26
mar
2018

C'est au fruit que l'on juge l'arbre

Charles Murphy connaît bien le milieu agricole. Depuis 50 ans, il cultive des pommes de terre de semence, du blé et du soja sans OGM à China Point, à l’est de Stratford.

Six générations se sont succédé sur la ferme des Murphy depuis l’arrivée de leurs aïeuls venus d’Irlande, au début des années 1800. Charles et son épouse, Wilhelmena, ont acquis la ferme familiale en 1972. Leurs fils, Randy et Francis, ont depuis intégré l’entreprise, et leurs petits-enfants devraient devenir la septième génération à poursuivre cette tradition agricole.

Charles a joué un rôle de premier plan dans la mise sur pied du programme ALUS (Alternative Land Use Services) à l’Île-du-Prince-Édouard il y a dix ans : il était membre du premier comité consultatif du programme, en 2008.

« Selon moi, on peut facilement prouver que le programme ALUS est la façon la plus innovante de réduire l’empreinte écologique de l’agriculture moderne. ALUS nous aide vraiment à en faire plus pour la faune et l’environnement à la ferme. » – Charles Murphy

ALUS aide plus particulièrement les Murphy à entretenir près de 5 acres (2 hectares) de voies d’eau gazonnées et d’autres structures de conservation des sols dans les champs pour réduire l’érosion, ainsi que 52 acres (21 hectares) de zones tampons pour la faune, soit bien au-delà des 15 m exigés par la législation provinciale.

L’une de ces zones tampons ALUS sépare les aires de travail de la ferme de la rivière Seal, un cours d’eau important qui se jette dans la baie Orwell. Le mouvement des marées et l’eau saumâtre de cette zone en font une halte migratoire importante en automne pour les oiseaux migrateurs, surtout la sauvagine. De même, la zone a aussi son importance économique pour les industries insulaires du poisson, des mollusques et des crustacés.

Avec plus de 1 600 pi (500 m) de rivages sur leurs terres, les Murphy ont ajouté 65 pi (20 m) à la zone tampon obligatoire de 50 pi (15 m) de largeur. Ce projet contribue à prévenir le ruissellement dans les points d’eau, ce qui aurait des répercussions sur les oiseaux et la faune aquatique.

« En mettant de côté une portion de nos terres, entre autres en élargissant les zones tampons, on y voit plus d’animaux sauvages, surtout des aigles, des balbuzards pêcheurs, des faucons, des hiboux et des coyotes », précise Charles.

Au fil des ans, cet agriculteur a vu son industrie se transformer. Par exemple, quand il était jeune, son père et lui utilisaient de l’équipement tiré par des chevaux. Aujourd’hui, ses fils et lui utilisent de l’équipement contrôlé par ordinateur et satellite.

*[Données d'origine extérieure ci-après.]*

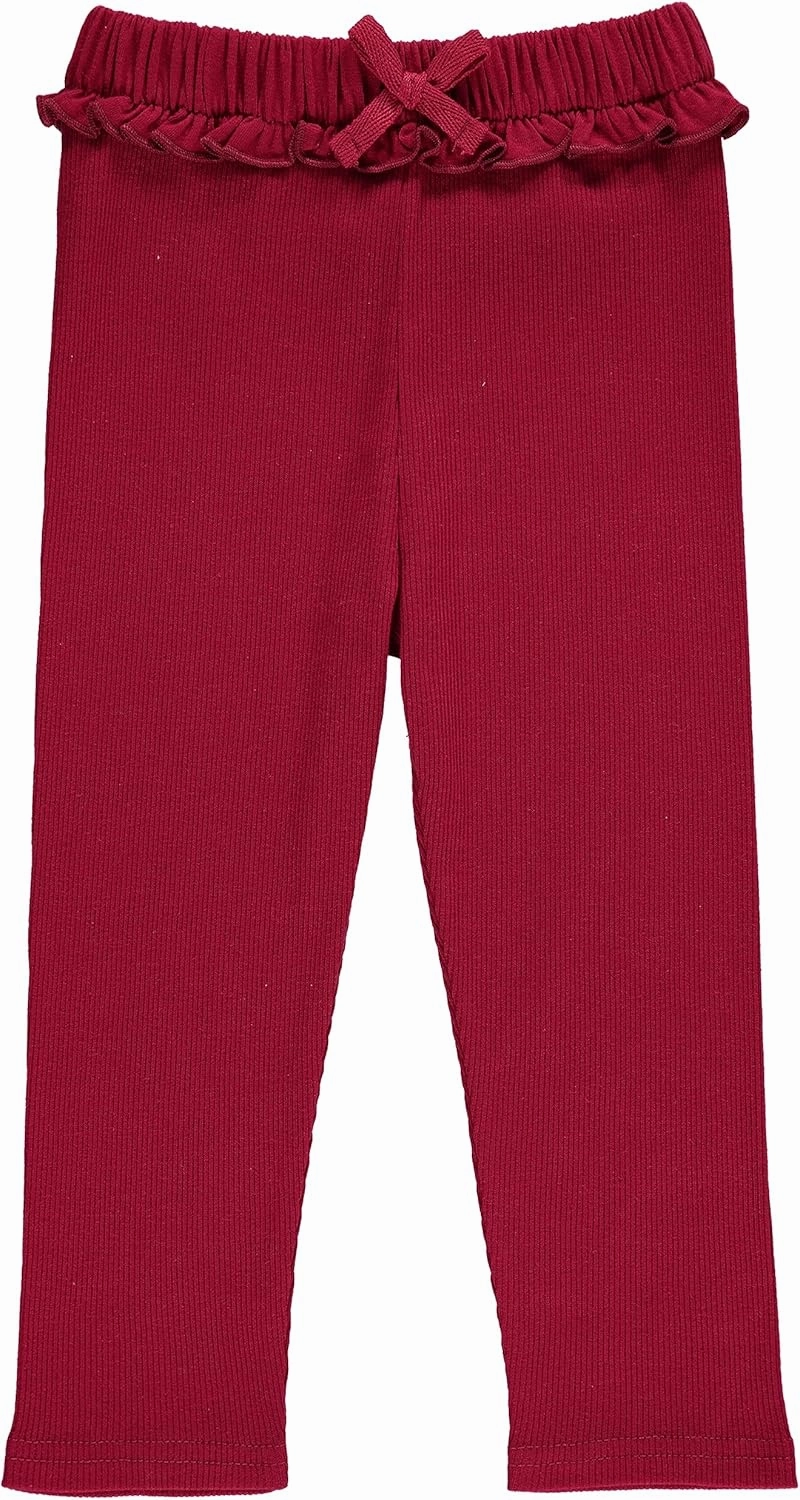 Cudlie 5-Pack Baby/Toddler Girls Joggers - Lounge Pants, Active Sweatpants Sweats - Fashion Joggers for Girls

« La seule constante, c’est l’eau, qui continue de ruisseler des champs et qui provoque de l’érosion si on n’y prend pas garde. Prenez soin de vos sols, et ils produiront pour vous. »

Charles n’est pas surpris de l’enthousiasme des agriculteurs insulaires pour le programme ALUS, puisque « l’agriculture est le moteur économique de la province. ALUS permet de partager une partie des coûts des mesures d’intendance environnementale nécessaires pour le bien de la collectivité. »

ALUS invite les agriculteurs à consacrer une partie de leurs terres, de leurs compétences et de leur temps à la production de services écosystémiques, comme un air plus sain, une eau plus propre, une plus grande biodiversité et davantage de pollinisateurs, dans la foulée de leur engagement à offrir des cultures de qualité de la ferme à la fourchette.